I recall the notation that I am using. I hope to not get it (too) wrong. Given a category $\mathbf{A}$ to every object $A$ we can assign a presheaf $H_A : A^{op} \rightarrow Set$, which is the set of maps $\mathbf{A}(-,A)$.
The Yoneda lemma says that, if we consider the category of preshaves $[\mathbf{A}^{op},Set]$ where morphisms are the natural transformations between functors, we have for every presheaf $X$ and every object $A$:
$[\mathbf{A}^{op},Set](H_A,X) \sim X(A)$ [1]
where I do not recall the (functorial) meaning of $\sim$, but as sets there is a bijection.
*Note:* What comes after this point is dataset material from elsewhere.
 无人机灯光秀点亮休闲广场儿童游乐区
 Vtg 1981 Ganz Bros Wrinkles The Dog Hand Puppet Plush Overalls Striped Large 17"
I hope the setting is correct, otherwise please correct me . Now my question, probably trivial:
Question: apart from functiorial properties, relation [1] says that if $X(A)$ is not the empty set, than there is always a natural transformation between $H_A$ and $X$. Told another way, for every $X : \mathbf{A}^{op} \rightarrow Set$ and for every $A$ such that $X(A)$ is not the empty set,there is always a natural transformation between $X$ and $H_A$. Is it correct ? Is it maybe trivial that it is so easy for a presheaf to be "connected naturally" (this expression is naif) with a representable $H_A$ ?
 A: The meaning of your $\sim$ is that there is a "natural isomorphism" between the two sides, that is, it is compatible with the maps induced by a natural transformation between two functors $X$ and $X'$, and with the maps induced by a function between two objects $A$ and $A'$.
Yes, it's correct that every element of $X(A)$ gives rise to a natural transformation between $\mathbf{A}(-, A)$ and $X$. It helps to think of what such a natural transformation consists of: a family of morphisms $\beta_a : \mathbf{A}(a, A) \to X(a)$ for each object $a$ of $\mathbf{A}$ which is "compatible with composition" in the sense that if $f : a \to b$ then $f^*\circ \beta_a = \beta_b \circ X(f)$, where $f^*$ is pre-composition with $f$.  When you do that it doesn't seem strange for there to be a connection between these natural transformations and elements of $X(A)$. After all, every $g : a \to A$ gives rise to $X(g): X(A) \to X(a)$, so there's an easy way to produce elements of $X(a)$, namely, evaluate at an element of $X(A)$.
You can see precisely how this works by tracing through a proof of the (dual) Yoneda lemma. Every $r \in X(A)$ gives rise to the natural transformation $\beta$ such that $\beta_a(g:a \to A) = X(g)(r)$.  Conversely every such natural transformation $\beta$ gives rise to the element $\beta_A(\operatorname{id}_A) \in X(A)$.  Yoneda is telling you that the only "natural" (informal sense) way to produce elements of $X(a)$ from morphisms in $\mathbf{A}(a, A)$ is to apply $X$ to get a function $X(A) \to X(a)$ and then evaluate somewhere.